Walter Anderson just retired as chairman-CEO of Parade Publications, and he's already accepted a new job.
His employer is the Jonathan Daniel Anderson Imagination and Construction Co. and his title is grandpa. His 9-year-old grandson is president, and the company makes workbenches -- Jonathan designs them, and they both put them together.
Like any good company, it has rules. "For instance," Walter told me in a video interview, his grandson "can't use a tool unless he can tell me what the tool is, how to handle it properly, and tell me what it's used for. So he knows every tool, and sometimes it can be rather fun. He'll be with an adult, and quite innocently he'll say, 'Excuse me, Uncle This or Mr. That, that's not the proper tool for the job; this is what you need.'"
If the workbench market bogs down, Walter will still manage to keep fairly busy. He's an author and playwright, and he has a play going into production called "Johnny's War," produced by Julian Schlossberg. And there are a couple of more in the works, including a musical.
Actress Marlo Thomas once called Walter a "gutsy, tough warrior" for a book he wrote about his search for his real identity. He quit high school when he was 16 and spent almost five years in the Marines. When he came back his father died. "After the funeral, I was alone with my mother," he wrote. "And I said to her, after we talked quite a bit, 'Mommy, the man we just buried. Was he my father?' And there was an instant of shock, and then she said, 'No.'"
I asked Walter why he asked that question, and he told me that's why he wrote his book, "Meant to Be: The True Story of a Son Who Discovered He Is His Mother's Deepest Secret." He wrote the book to learn for himself why he asked that question.

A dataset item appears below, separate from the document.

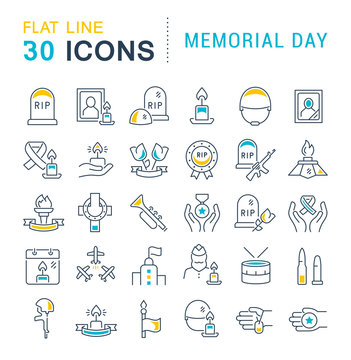 Set Vector Line Icons of Memorial Day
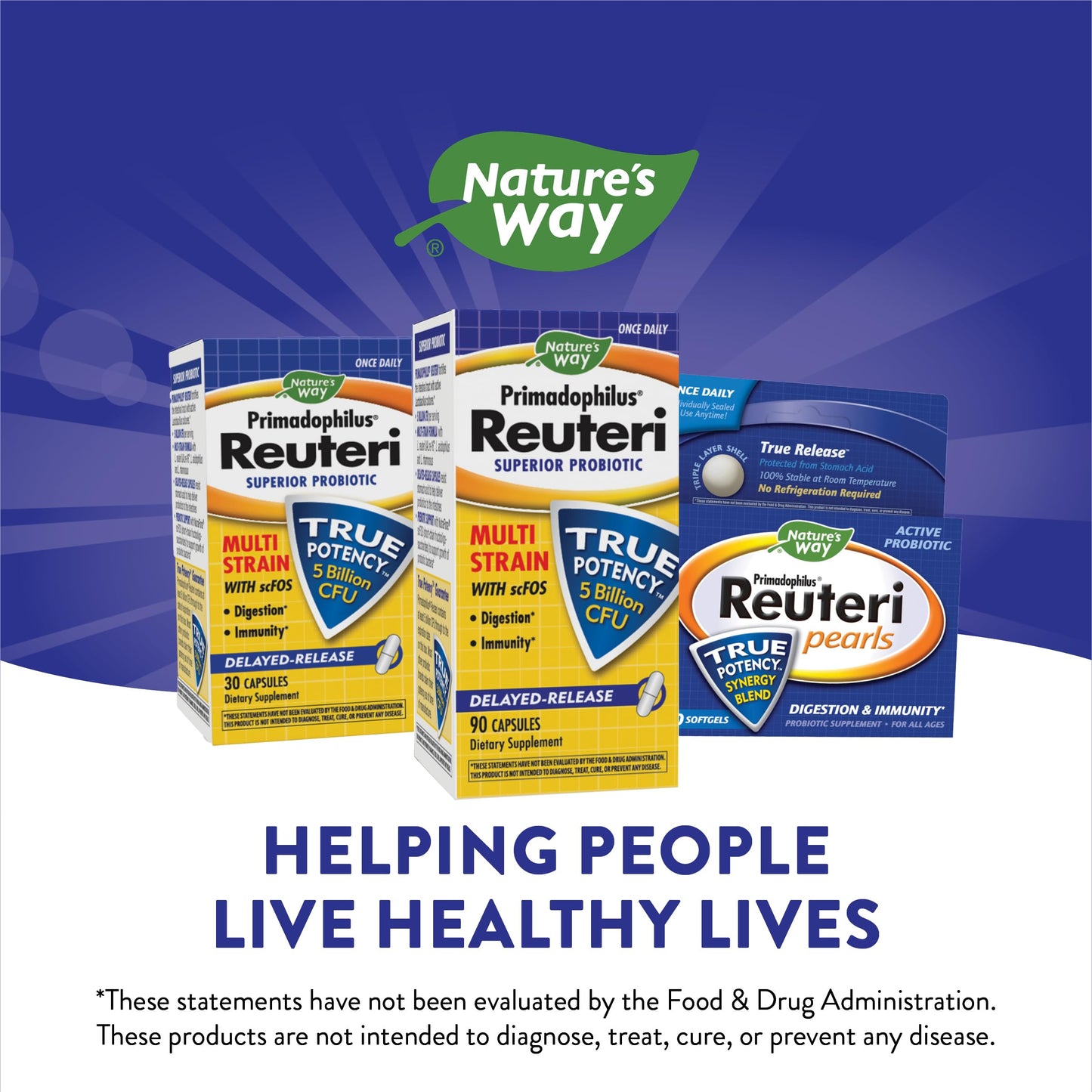 Nature's Way Primadophilus Reuteri Probiotic 5 Billion Live Cultures Capsules, 90 Count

Walter always had a sense he was different. "I had a very strong feeling. It wasn't so much the physical. . . . It it was more of who I was. It just didn't feel right.

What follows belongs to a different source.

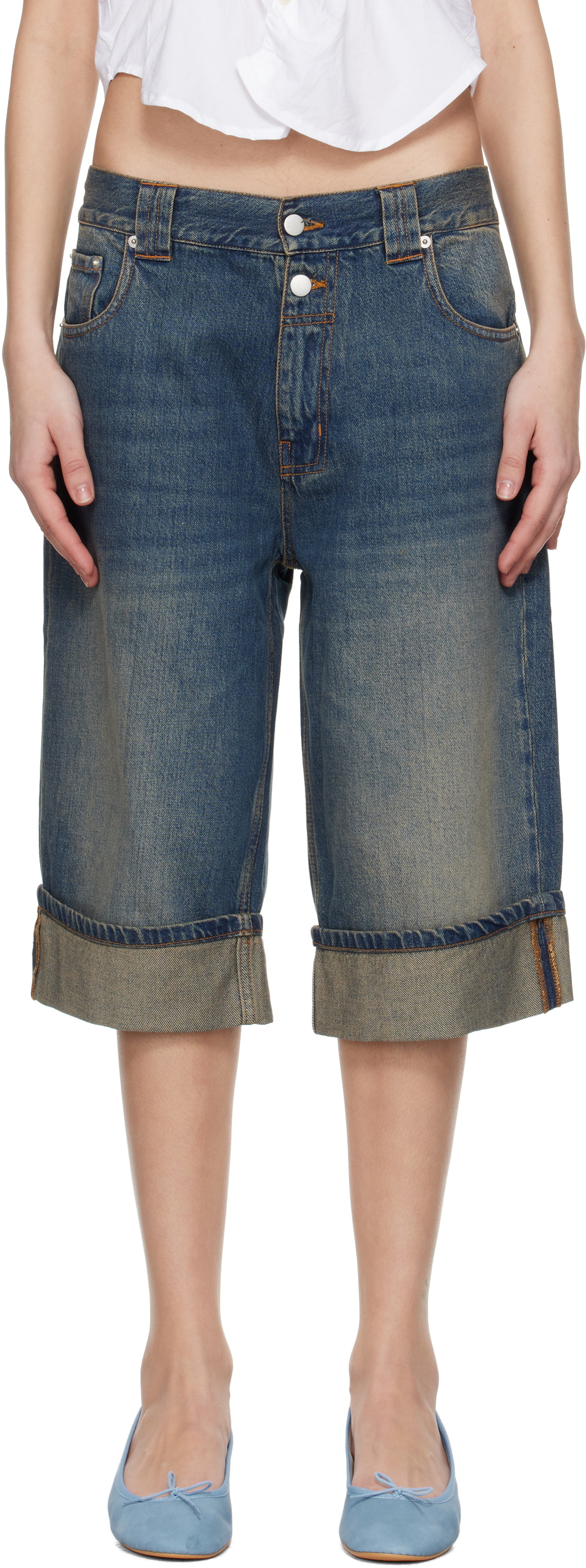 Gimaguas Blue Baggy Denim Shorts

"And it turned out that my mother, a German Lutheran married to a Finnish-American, had an affair during World War II with a Russian Jew. And I was the product of that. And she kept me a secret for all of those years. She made me promise not to disclose [the secret] to my brother or sister, because she was very embarrassed, and she didn't want to hurt them. And so, as long as they lived, I would not disclose [it to them], nor to anyone else."
Walter's sister died at a young age, and his brother passed away in 2000. He told his mother, "Mom, I kept the promise all these years." She replied, "You're free to tell anyone. You're free to tell the children." So he did, and his son wanted to find out if they had other family. Walter hired an investigative reporter to work with his son, and they discovered Walter had another brother, Herbert Dorfman. Herbert was also a writer and eventually became producer of NBC News.
When he met Herbert, his brother had a manila folder with pictures of their father. "One of the most difficult things I've ever had to do was to open that folder, as much as I wanted to see it. And I opened it up, and I saw my face. On the cover of the book, most people think it's me in the upper corner. It's actually a picture of my real father."
When Walter's mother told him he had another father, his real father was dead. "She didn't find out that he had died until all of this." And his mother, before she died, got to meet Herb. "Now we are a larger, more extended family."
Walter believes that real success "is to live with dignity. And the most important dignity is to be yourself." After his search to find his true self, I'd say he's a man who lives with dignity -- even when he's making workbenches with his grandson.